Vam: Hey Saru, Can I give you a Royal Thai Massage?
Saru: Do I have to get naked for that?
Vam: Do you want to get naked?
Saru: Do I have to?
Vam: No, it is normally done with clothes on. Lie down and close your eyes. I will start from the toes and work my way up.
Saru: Should I even ask where you learnt this ancient art?
Vam: I remember some details from my massage and the rest I will wing it.
Saru: Oh God!!
Vam: So, they use their fingers, hands, elbows, feet...
Saru: Feet?? She uses her FEET?? Does she also jump on you?
Vam: It is quite sad how most of your knowledge is based on bad action movies. Any way, she did not jump on me, but she sat on me.
Saru: She SAT on you?? Oh my God!! Then what happened?
Vam: She pinned me down, tied my hands and ran away with my purse! Am I telling you a story here?
Saru (shaking his head in dis-belief): I can't believe you allowed a woman to sit on you!
Vam: Well...she didn't exactly sit on me.She almost sat on me.
Vam: She sat in the sitting posture, but didn't put her weight on me. Anyway, it is part of the massage. For 450 Bhat (~700 Rs), I got a 2 hour massage.
Saru: TWO HOURS? What did she do for two hours?

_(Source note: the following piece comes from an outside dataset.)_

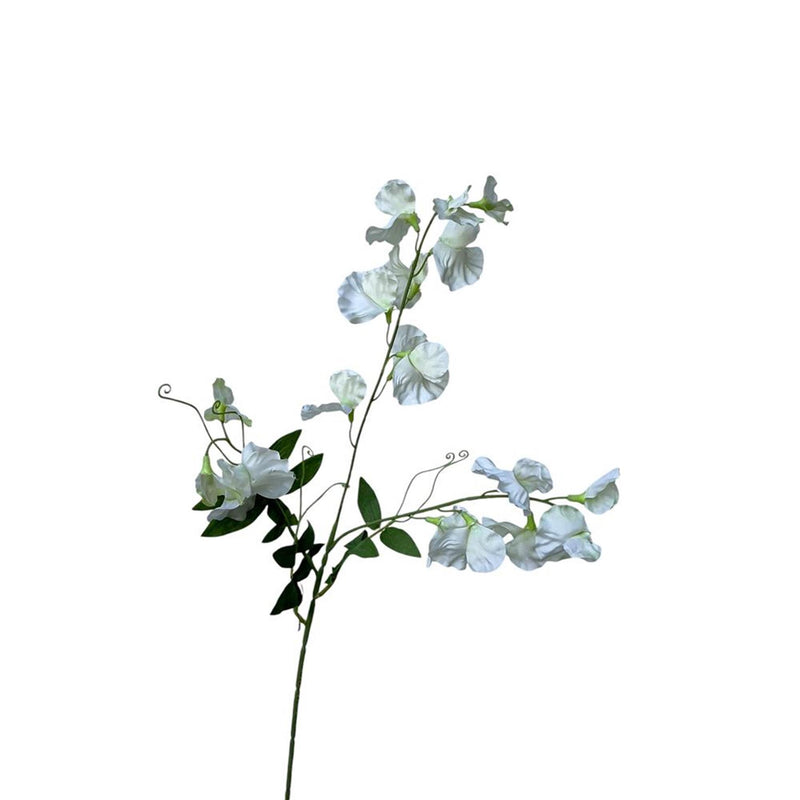 Afbeelding laden in galerijviewer, Roberts collection kunstbloem sweet pea spray 76cm wit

Two hours might seem like a long time, but time flies when you are getting massaged by magic hands . Based on recommendations from my Thai colleague, I went to Health Land Spa. It was a wonderful experience not to be missed. On subsequent days, I went back to the spa for a foot massage and a facial and was transported back into heaven!
Wat Arun - Temple of Dawn
My next trip was to Wat Arun or the Temple of Dawn, which ironically is best seen at dusk. The temple is situated on the east bank of Chao Phraya River. I took a ferry that cost 3 Bhat and exactly 3 minutes to cross the river to get to Wat Arun. Built in the early 18th century, this temple has a massive tower decorated in colored porcelain from China.
The tower is supported by rows of demons and monkeys. Steep knee-busting steps lead way to a balcony with great views of the monastery complex, the river and the modern Bangkok.
I also took this night picture when we were on a dinner cruise. I had to change ISO to 800 to get this image, so it is not a good one.